西洋との対話

西洋美術と日本(東洋)美術の形態的比較が可能となる基盤について、参考になりそうな文章を発見。

ふつう「比較芸術学」と呼ばれるものは、西洋と東洋というような遠隔の地域における特定の芸術ジャンル同士の比較論的考察である。ここでは基本的に発生関係を顧慮せずに二種類の芸術を比較記述し、両者の類似性と差異性をあげつらうことが問題になっている。しかし比較するためには、まず両者を同一のレヴェルに並べる共通点、修辞学的にいえば比較点()を必要とするから、それをどこに定位するかによって比較記述のありようが大いに異なってくる。
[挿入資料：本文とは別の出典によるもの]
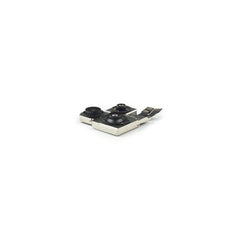 Rear-facing Camera Compatible for Apple iPhone 15 Pro Pulled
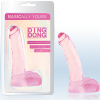Ding Dong-Pink
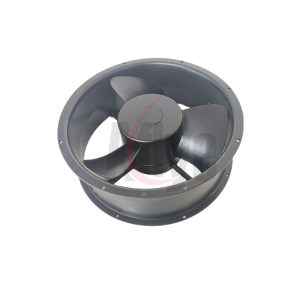 elevator cooling fan CLE2T2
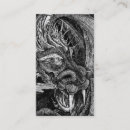 Pesquisar por monstro mythical Mito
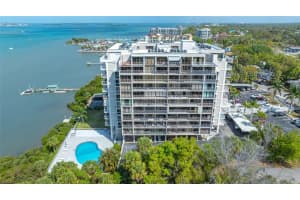 500 N Osceola Ave #810, CLEARWATER 500 N Osceola Ave #810, CLEARWATER
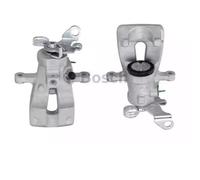BOSCH 0 986 135 118 Brake caliper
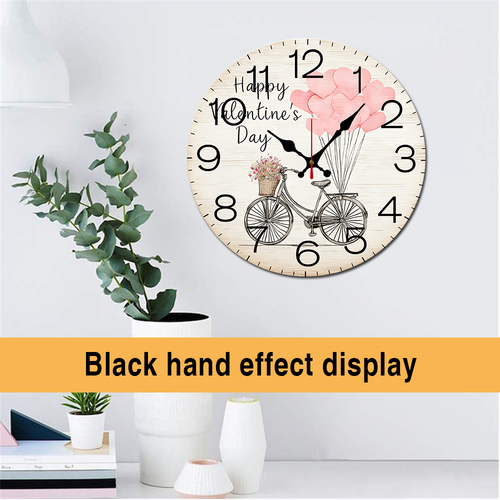 生产图+效果图模版更新 副本 5.png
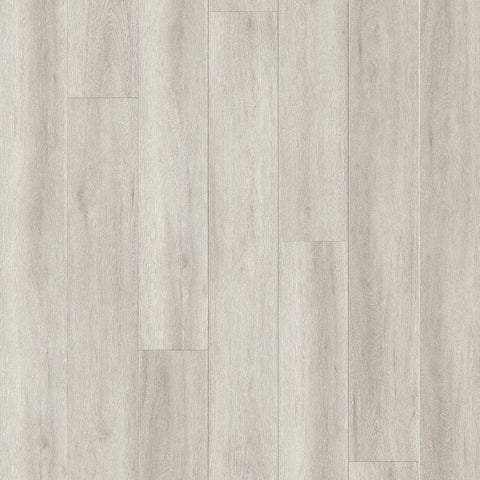 Pale Grey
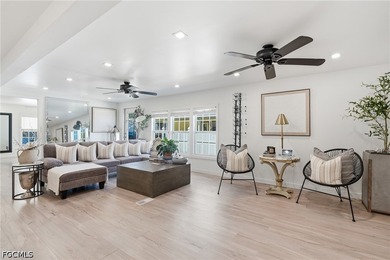 Best value in Spring Creek Village! This rare 3-bedroom 2 bath - photo 7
[中略]フライの著作[『比較芸術学の基礎づけ』(1949年)]と並んで「比較芸術学」の代表的な業績としてしばしば挙げられるものにベンジャミン・ローランドの『東西の美術』(1954年)があるが、ここでは比較点は、人体、風景、禽獣、花卉、静物というように、もっぱら造形芸術における題材ないし再現対象にほかならない。風景なら風景というふうにまず比較点を限定し、そしてローランドみずからいうところによれば、「類似性の直観」にもとづいて「東西の美術の偶然的な並行現象を例証する」ことが、そこで採られる基本的な方法である。[中略]ここでは類似性から差異性の認識に向かうことが、結局、比較考察の利点として確保されることになろう。
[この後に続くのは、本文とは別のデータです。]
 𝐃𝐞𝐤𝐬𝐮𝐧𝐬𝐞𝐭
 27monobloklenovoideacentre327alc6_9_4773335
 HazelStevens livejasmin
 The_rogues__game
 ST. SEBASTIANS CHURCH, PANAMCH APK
(谷川渥『美学の逆説』ちくま学芸文庫、2003年、287-288ページ。)

「比較芸術学」なるものを、この言葉の本来の志向にしたがって発生関係のない二種の芸術間の比較に限定するか、あるいは影響関係にある芸術同士の比較ととるか、あるいはそのどちらも意味するものとするか、いずれにしても、そうした比較論の台頭[本文は旧字]の背景にはある種の条件が存在したことを銘記しておかなければならない。なによりもまず古典主義的な美的規範の絶対性が崩れ、そしてそれに応じて様式論の隆盛を見たことが前提となる。様式とは、そもそも相対主義的な概念なのだ。しかし「比較芸術学」という学問的動機の生成には、なんといっても西欧にとって<他者>との遭遇が必要であった。自分自身を相対化してくれる<他者>、そして新たな自己認識を迫る<他者>の存在が。しかしそこでは、自己と他者が同列に並べられ比較されるために、両者が同じ芸術であるという了解が要請された。